• _WHAT YOU HAVE TO DO_: Starting at the line that contains "JTHBN36F640125595 - 2004" and stopping at the line that contains "Under water wooden", restate each line of the records below exactly. Omit the pictures.

• _EXTRACTED ENTRIES_:
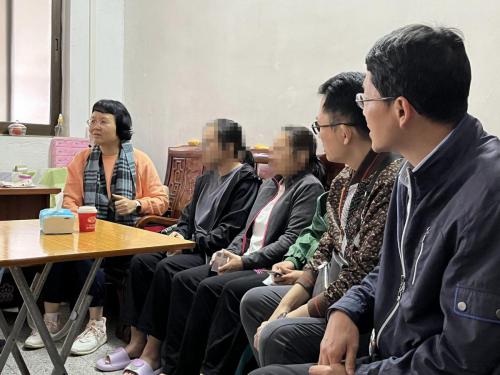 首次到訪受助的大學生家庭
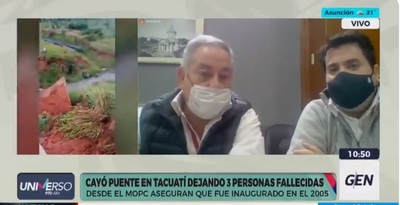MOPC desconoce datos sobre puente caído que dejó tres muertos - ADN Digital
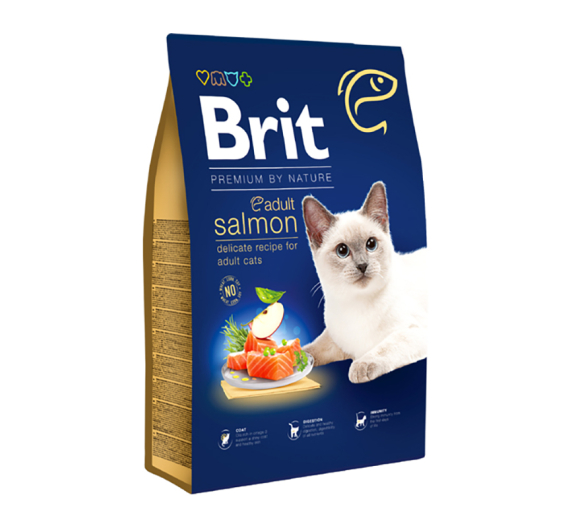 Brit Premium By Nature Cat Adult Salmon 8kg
...
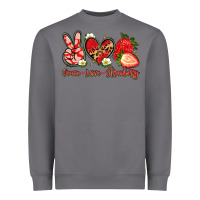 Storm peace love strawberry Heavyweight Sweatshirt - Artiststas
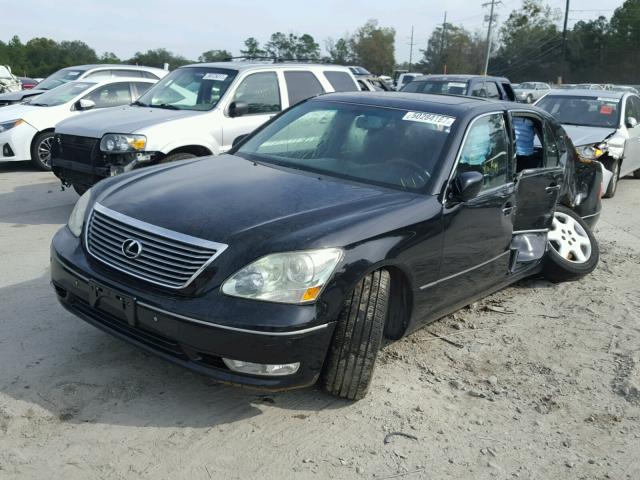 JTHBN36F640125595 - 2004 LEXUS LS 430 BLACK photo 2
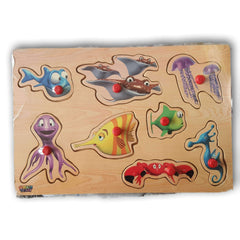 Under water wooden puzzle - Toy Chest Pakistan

• _RESULT FOR THIS TASK_:
 JTHBN36F640125595 - 2004 LEXUS LS 430 BLACK photo 2
 Under water wooden puzzle - Toy Chest Pakistan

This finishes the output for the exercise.